Sing “Happy Birthday to You” in public and you may be singing to the judge. It is even more likely that you will face legal problems if you are making a buck off the event. For example, you bake cupcakes. Out you come with candles flaming and you strike up that old familiar tune. Someone wants to get paid.
Here is the reason: it is copyrighted. The current owner is Time Warner and it rakes in an estimated $2 million dollars a year just from that song.
Artists own their work. They can license it, sell it and even give it away. This falls under copyright law. The rights usually last from 75 to 90 years. In the case of “Happy Birthday to You” it was created by 2 sisters in the 1800s but not copyrighted until the mid-1930s. Bottom-line is that the copyright still has a few years to go.

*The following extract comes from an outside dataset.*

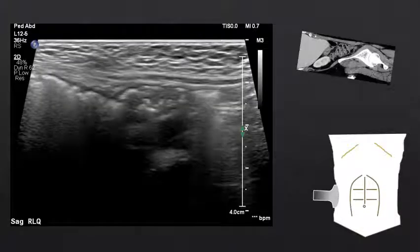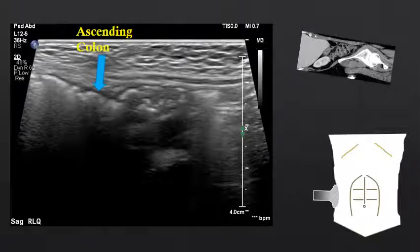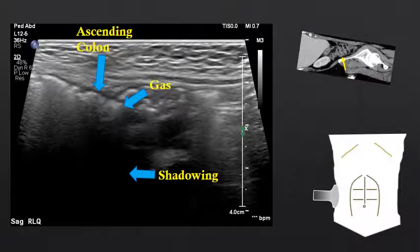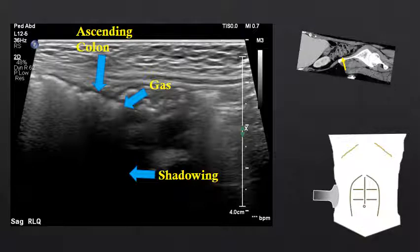Moving up to the mid-abdomen in a sagittal or coronal orientation, we can often identify the ascending colon. The colon tends to be more gas-filled than the small bowel, and in this case the gas is causing dense posterior acoustic shadowing, obscuring the structures deep to the colon. When someone has a lot of gas in their colon, the colon can often obscure critical structures such as the pancreas, the bowel, or even the kidneys.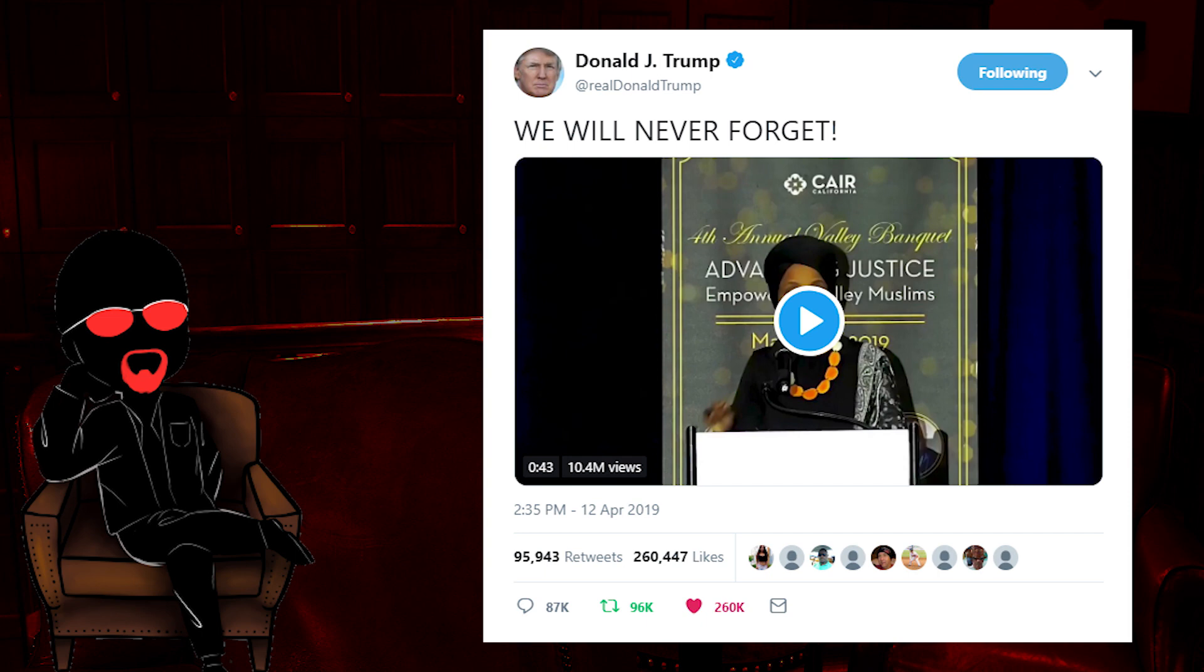So last Friday, Trump put out a video on Twitter, much like my own, addressing Ilhan Omar's comments during the CARE speech. His was 43 seconds long. I will play it now.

Perhaps the most famous case of trying to get money for “Happy Birthday to You” was when the American Society of Composers, Authors and Publishers (ASCAP) went after the Girl Scouts for singing the song at campouts. The matter was later dropped after a lot of bad publicity. Those Girl Scouts can be tough.
But you can bet any time it appears in a movie or on a reality TV show, someone is paying up.
This also explains why in so many restaurants, they sing their own silly birthday song. That is right. They don’t want to pay.
Now don’t drop the song from your family’s list of traditions just yet. You are allowed to sing the song in your home. Just don’t put it on YouTube and expect to make a few pennies. You just might end up with your own command performance … in court.